'''
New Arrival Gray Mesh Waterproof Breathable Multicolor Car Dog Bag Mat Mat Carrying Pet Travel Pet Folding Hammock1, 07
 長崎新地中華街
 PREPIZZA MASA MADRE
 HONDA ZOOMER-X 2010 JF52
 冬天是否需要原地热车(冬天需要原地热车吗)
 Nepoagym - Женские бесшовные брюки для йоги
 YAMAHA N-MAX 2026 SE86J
'''
THE TASK: Which lines run from the one containing "PREPIZZA MASA MADRE" to the end of the records? Transcribe exactly those, both ends included.

SOLVED PROBLEM:
 PREPIZZA MASA MADRE
 HONDA ZOOMER-X 2010 JF52
 冬天是否需要原地热车(冬天需要原地热车吗)
 Nepoagym - Женские бесшовные брюки для йоги
 YAMAHA N-MAX 2026 SE86J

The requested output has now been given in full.